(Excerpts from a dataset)

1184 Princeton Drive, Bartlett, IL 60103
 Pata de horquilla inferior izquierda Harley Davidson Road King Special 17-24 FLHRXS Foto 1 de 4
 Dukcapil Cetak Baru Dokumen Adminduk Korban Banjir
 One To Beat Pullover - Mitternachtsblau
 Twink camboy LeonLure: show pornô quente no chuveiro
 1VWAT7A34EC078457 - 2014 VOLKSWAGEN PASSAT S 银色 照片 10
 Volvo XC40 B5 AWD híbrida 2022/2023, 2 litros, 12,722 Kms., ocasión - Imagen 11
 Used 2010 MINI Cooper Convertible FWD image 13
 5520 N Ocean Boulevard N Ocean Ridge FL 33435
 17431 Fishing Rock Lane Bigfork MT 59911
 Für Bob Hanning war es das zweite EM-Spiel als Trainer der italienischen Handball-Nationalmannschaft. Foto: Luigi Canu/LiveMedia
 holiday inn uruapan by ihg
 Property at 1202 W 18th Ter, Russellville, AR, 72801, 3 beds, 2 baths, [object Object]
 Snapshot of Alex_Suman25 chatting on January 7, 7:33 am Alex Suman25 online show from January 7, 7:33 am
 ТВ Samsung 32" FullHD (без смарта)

● **Instructions for the task**
The lines above from the one containing "Dukcapil Cetak Baru" through the one containing "Used 2010 MINI" are to be set down exactly, and no others.

● **Response to the exercise**
 Dukcapil Cetak Baru Dokumen Adminduk Korban Banjir
 One To Beat Pullover - Mitternachtsblau
 Twink camboy LeonLure: show pornô quente no chuveiro
 1VWAT7A34EC078457 - 2014 VOLKSWAGEN PASSAT S 银色 照片 10
 Volvo XC40 B5 AWD híbrida 2022/2023, 2 litros, 12,722 Kms., ocasión - Imagen 11
 Used 2010 MINI Cooper Convertible FWD image 13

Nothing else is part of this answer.